Because it is important to honor the standard of review, I concur in the decision of the court. I write separately, however, to emphasize that if I had a free hand, I would decide the case differently.
OLR v. Paget, 2003 WI 26, ¶¶ 19-20, 260 Wis. 2d 604, 660 N.W.2d 255 (Prosser, J., concurring).
¶ 154. I concur here as well, with deep reservations, because I am not prepared to assert that the referee's "facts" are clearly erroneous.
¶ 155. It should be noted, however, that other attorneys in the district attorney's office supported Attorney Humphrey's explanation and position.

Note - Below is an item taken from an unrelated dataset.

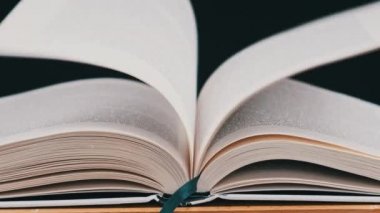 Kitabın sayfaları yavaş çekimde kendi kendine dönüyor, yakın çekimde. Beyaz kitabın sayfaları rüzgarın etkisiyle rastgele yer değiştiriyor. Stüdyoda siyah arka plan üzerine açık bir kitap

For example, then-Deputy District Attorney Judy Schwaemle testified at Humphrey's hearing that "it is the policy of the Dane County DA's office... to make photographs available to defense counsel immediately after arraignment." (Emphasis added.)
¶ 156. The majority could have removed my reservations about Count One and eviscerated Attorney Humphrey in the process by demolishing his contention "that the referee's report fails to note the district attorney later asked the trial court to rescind this statement [that Attorney Humphrey 'clearly misled the court on that issue']" and, more important, that "the trial court agreed." See majority op., ¶ 23. If the circuit court actually changed its evaluation of Attorney Humphrey's representations, the validity of Count One would be undermined. The majority appears determined not to pursue such a tough question.
*579¶ 157. The reservations I have about Count One also apply to Count Two. Why would Attorney Humphrey assert, suggest, or imply that he did not have a set of accident scene photographs in his office when he had previously admitted otherwise in writing {see ¶ 147, supra), when he brought two photos with him to court, and when he had already been severely criticized by the circuit court over his handling of the photographs? I don't think he did. More plausible to the writer is that Attorney Humphrey was speaking about Deputy Sewell's set of accident scene photographs, not his own set. Again, the referee decided otherwise.
¶ 158. The majority is not only comfortable with these determinations, but also willing to create unprecedented discipline to deal with them.
¶ 159. I believe a suspension of Attorney Humphrey is unwarranted and unfair and that the procedures followed in this case, especially the long delay in this court, are so irregular that they undermine confidence in the lawyer regulation system. Thus, with respect to the sanction, I respectfully but strongly dissent.